= Beginning of Section =
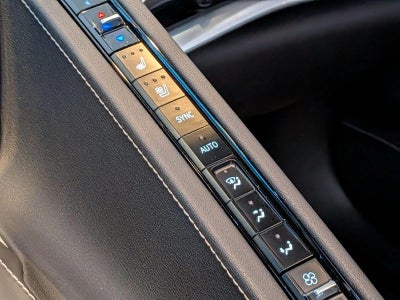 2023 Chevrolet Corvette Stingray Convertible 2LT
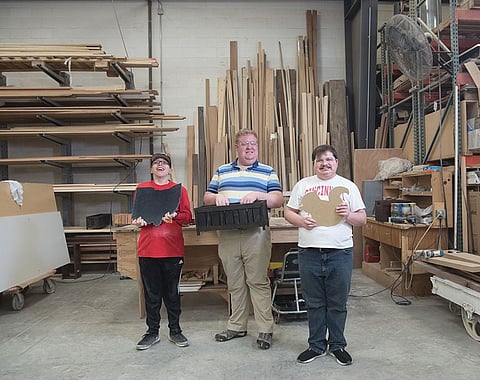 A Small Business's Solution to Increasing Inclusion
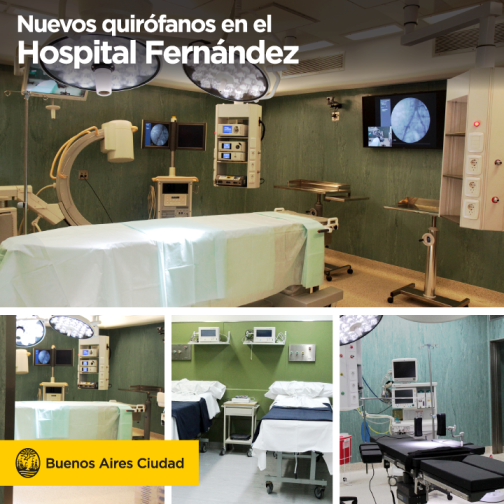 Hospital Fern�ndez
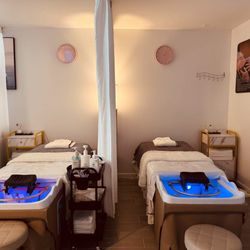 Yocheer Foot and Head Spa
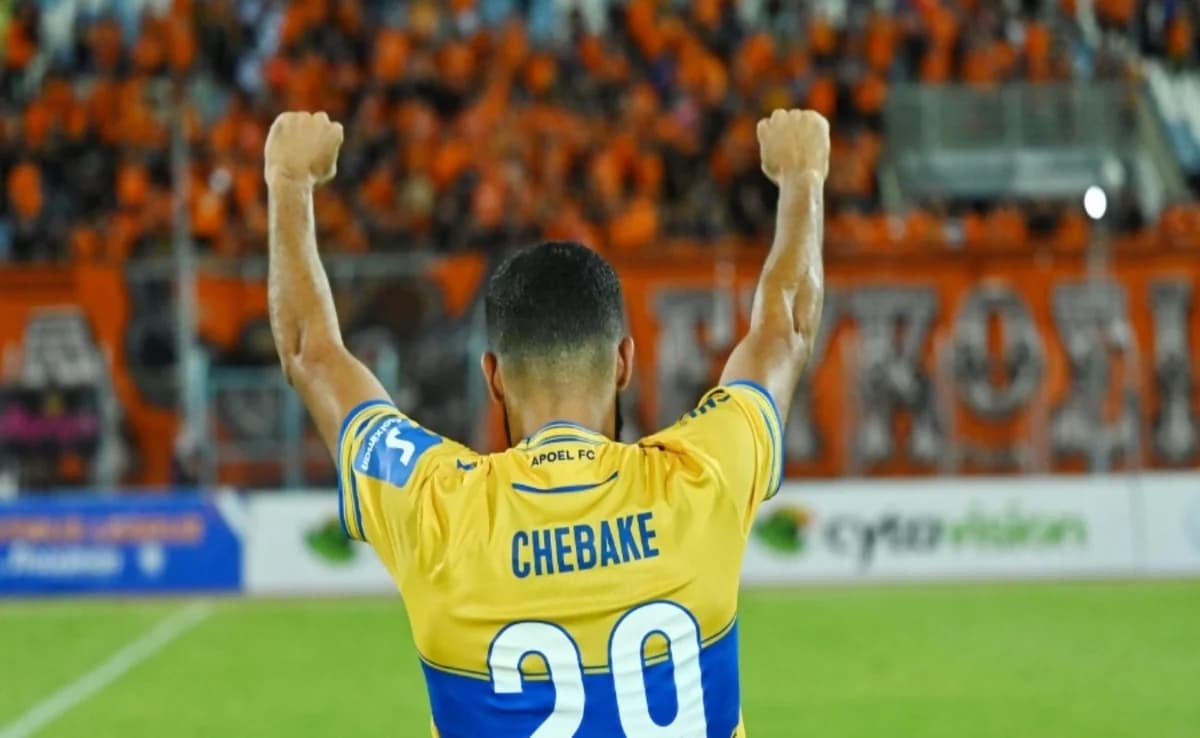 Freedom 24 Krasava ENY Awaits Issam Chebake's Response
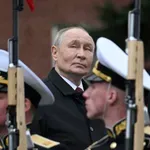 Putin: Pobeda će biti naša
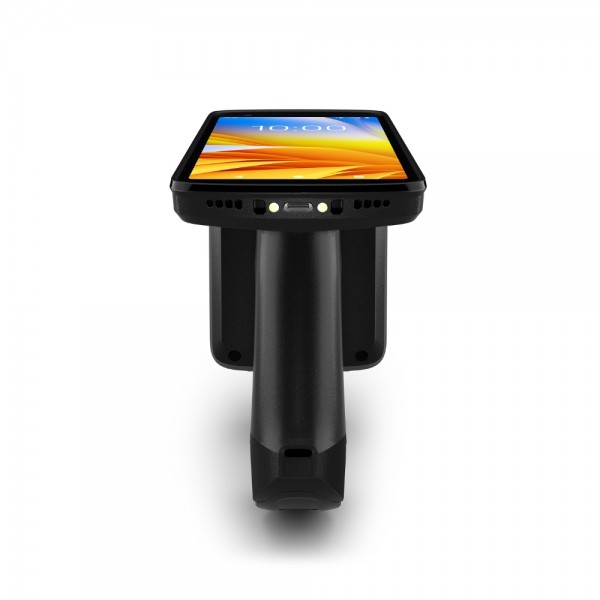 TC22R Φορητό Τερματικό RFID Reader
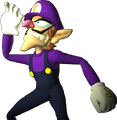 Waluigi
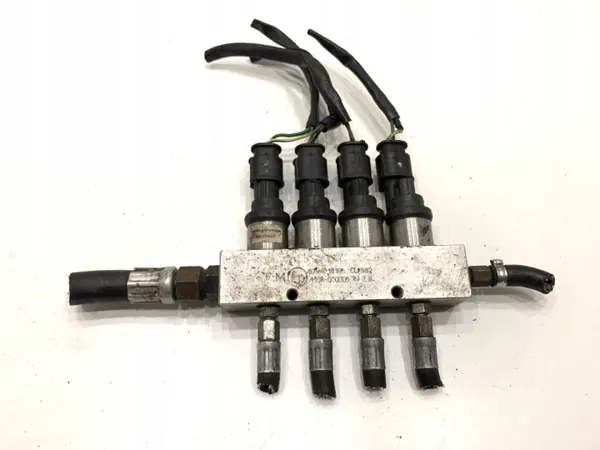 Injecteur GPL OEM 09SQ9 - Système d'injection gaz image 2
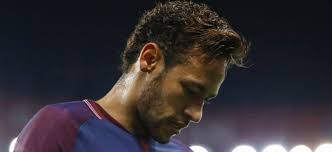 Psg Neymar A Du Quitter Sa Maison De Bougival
= End of Section =
I would like an exact copy of the lines from the one holding "Hospital Fern�ndez" through the last line of the entries above, with the pictures left out.

 Hospital Fern�ndez
 Yocheer Foot and Head Spa
 Freedom 24 Krasava ENY Awaits Issam Chebake's Response
 Putin: Pobeda će biti naša
 TC22R Φορητό Τερματικό RFID Reader
 Waluigi
 Injecteur GPL OEM 09SQ9 - Système d'injection gaz image 2
 Psg Neymar A Du Quitter Sa Maison De Bougival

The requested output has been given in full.